- [Record extracts]:
□ □ □ □ □ □ □
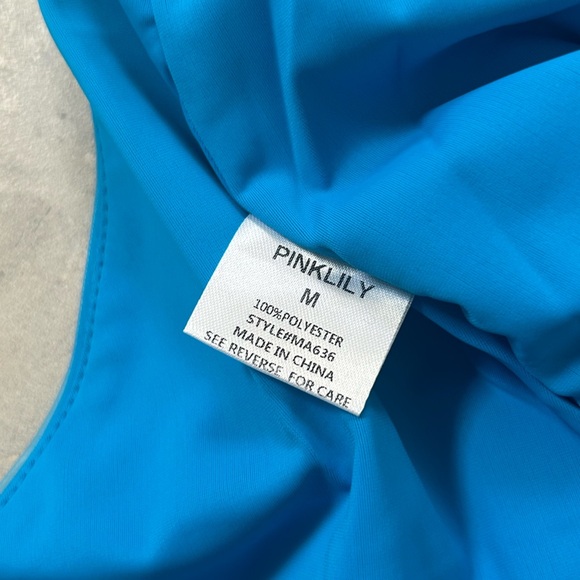 NWT PINK LILY WOMENS BLUE HALTER BOW BACK DETAIL BODYSUIT - Picture 10 of 11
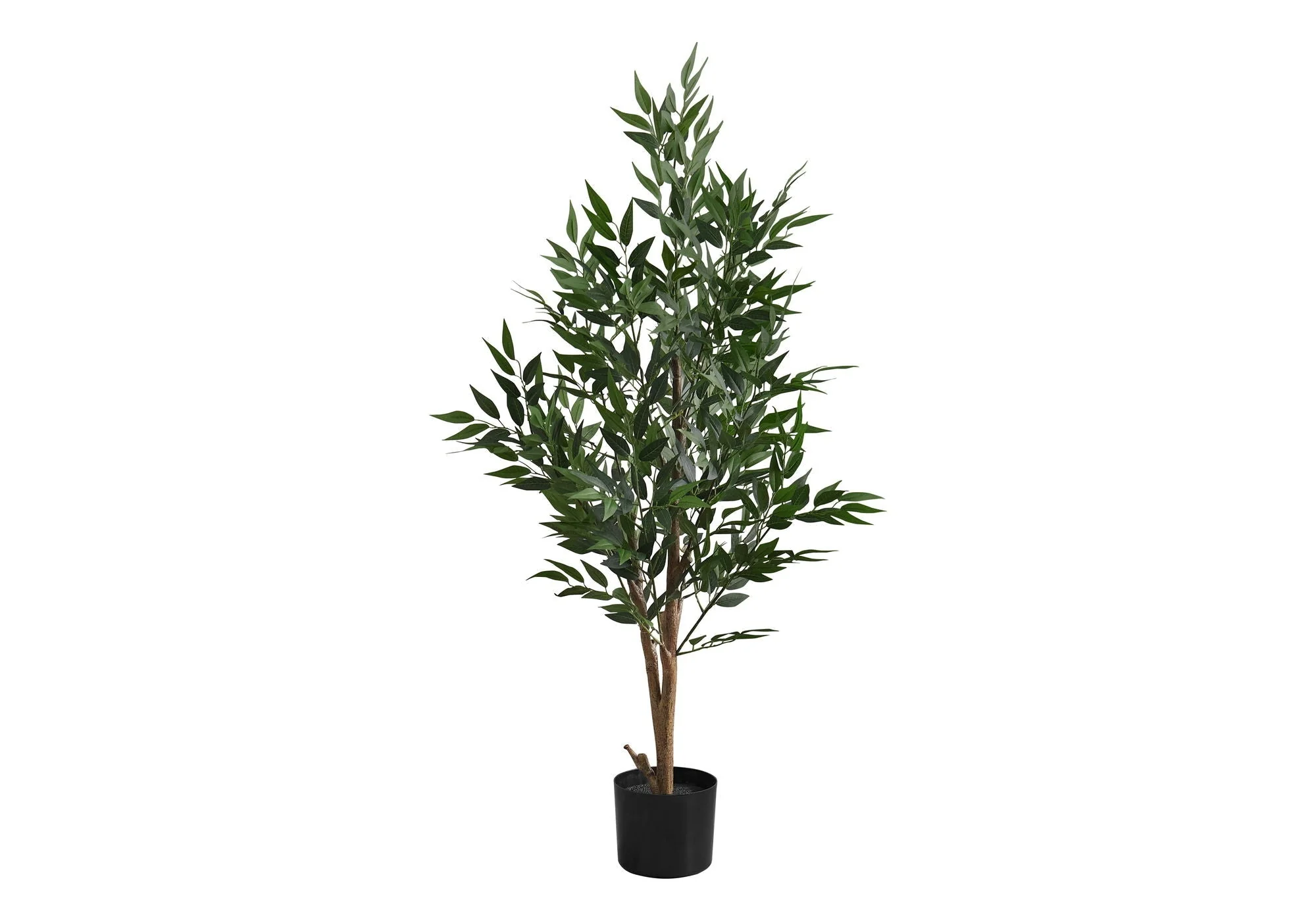 47" Tall, Artificial Plant, Acacia Tree, Indoor, Faux, Fake, Floor, Greenery, Potted, Silk, Decorative - Green / Black - Image 4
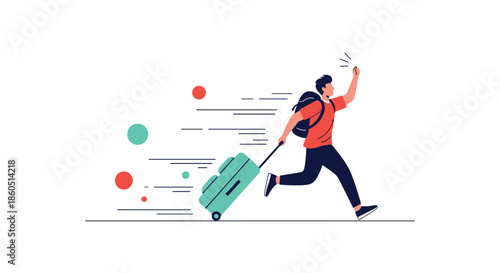 Man running with a suitcase, symbolizing travel, hurry, missing a flight, or an urgent departure.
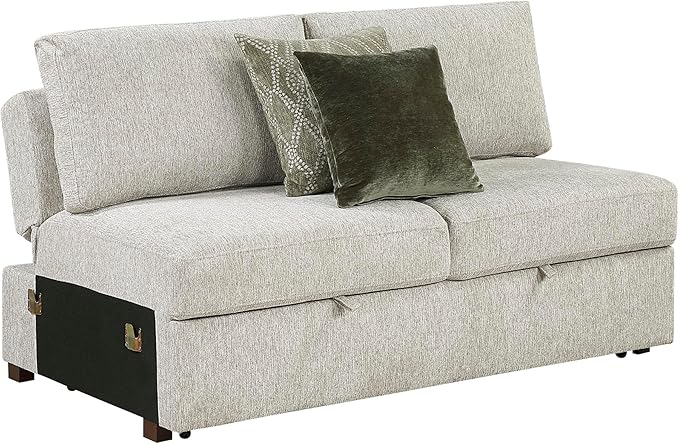 Lexicon Modular Sectional Sofa Module for Sectional Couch Armless Convertible 2 Seater with Pull-Out Bed Adjustable Backrests Removable Back Cushion Cover 2 Pillows Microfiber Sand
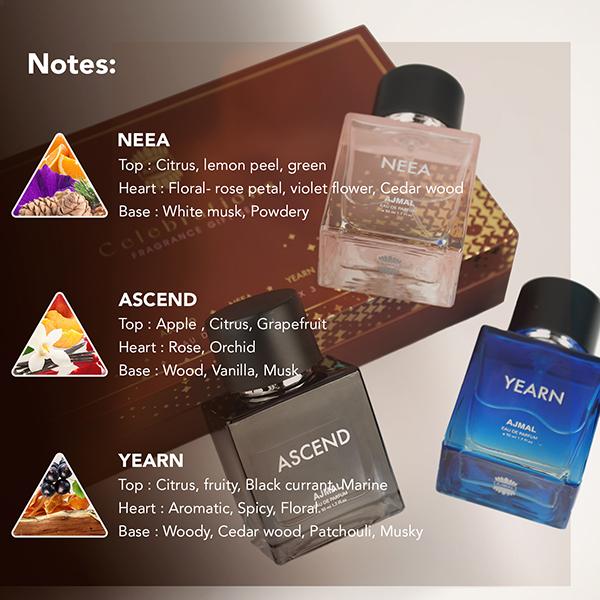 Ajmal Celebration Fragrance Gift Set for Unisex - 3 x 50ml 3's - Perfumes (Edt/Edp)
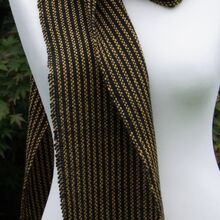 Black and Gold Striped Acrylic & Wool Scarf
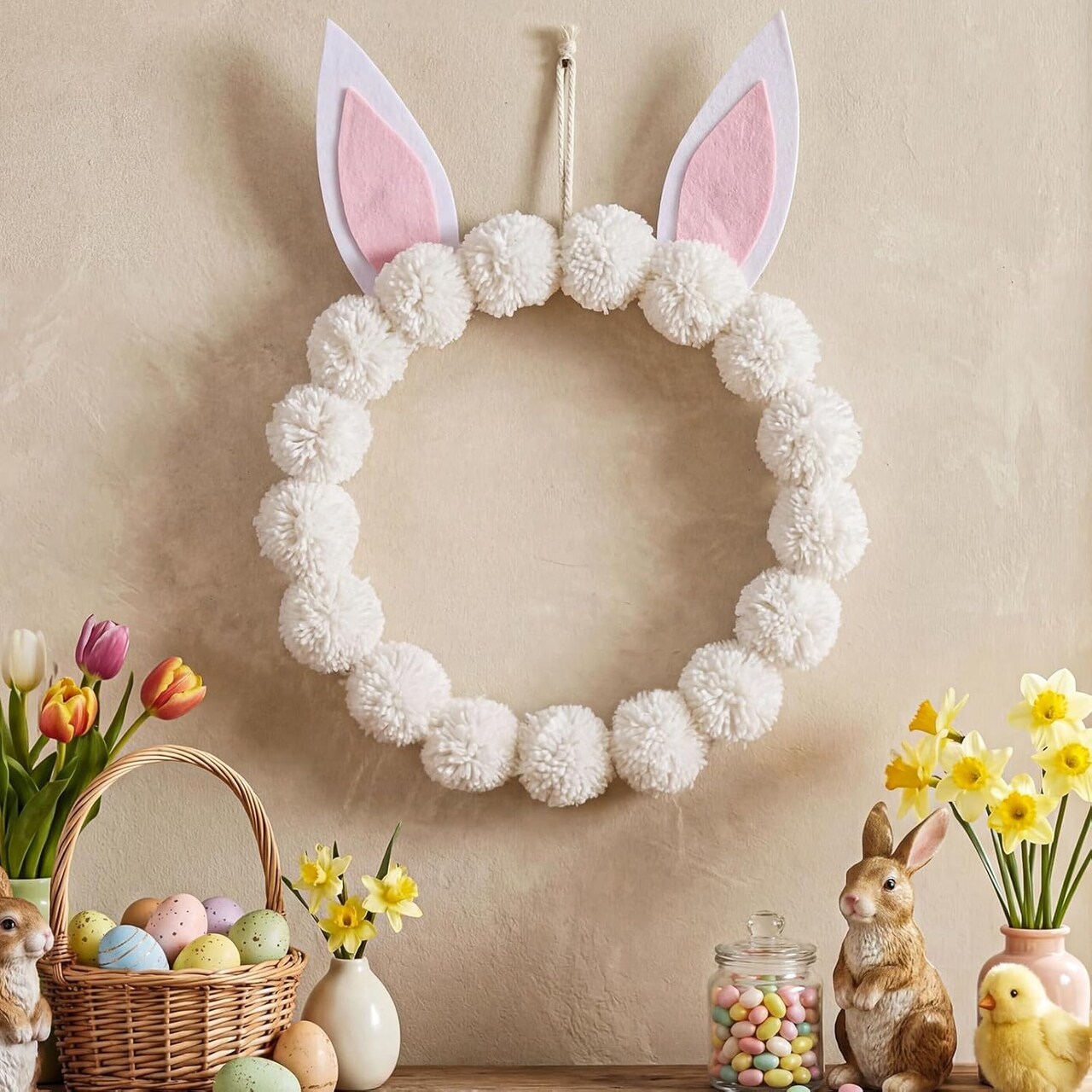 11.8-Inch Easter Bunny Pom Pom Wreath – Front Door & Wall Decor with Yarn Bunny Ears, Indoor & Outdoor Spring Easter Decoration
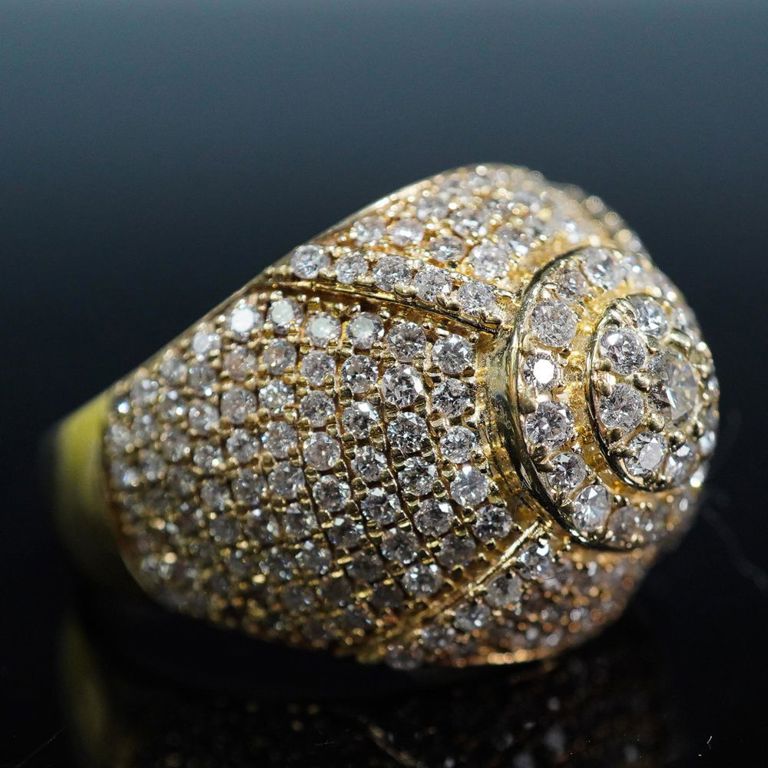 14k Yellow Gold Diamond Dome Ring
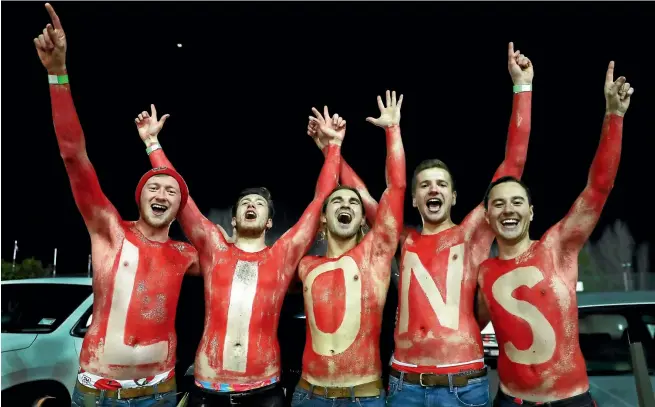  ?? PHOTO: GETTY IMAGES ?? British and Irish Lions fans are in good spirits after notching up victories against the New Zealand Provincial Barbarians, Crusaders, New Zealand Maoriand the Chiefs.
□ □ □ □ □ □ □
- [Task requirements]: Pictures excluded, output exactly the line that contains "11.8-Inch Easter Bunny" and every line after it to the end of the data above.

- [Reply to the task]:
 11.8-Inch Easter Bunny Pom Pom Wreath – Front Door & Wall Decor with Yarn Bunny Ears, Indoor & Outdoor Spring Easter Decoration
 14k Yellow Gold Diamond Dome Ring
  ?? PHOTO: GETTY IMAGES ?? British and Irish Lions fans are in good spirits after notching up victories against the New Zealand Provincial Barbarians, Crusaders, New Zealand Maoriand the Chiefs.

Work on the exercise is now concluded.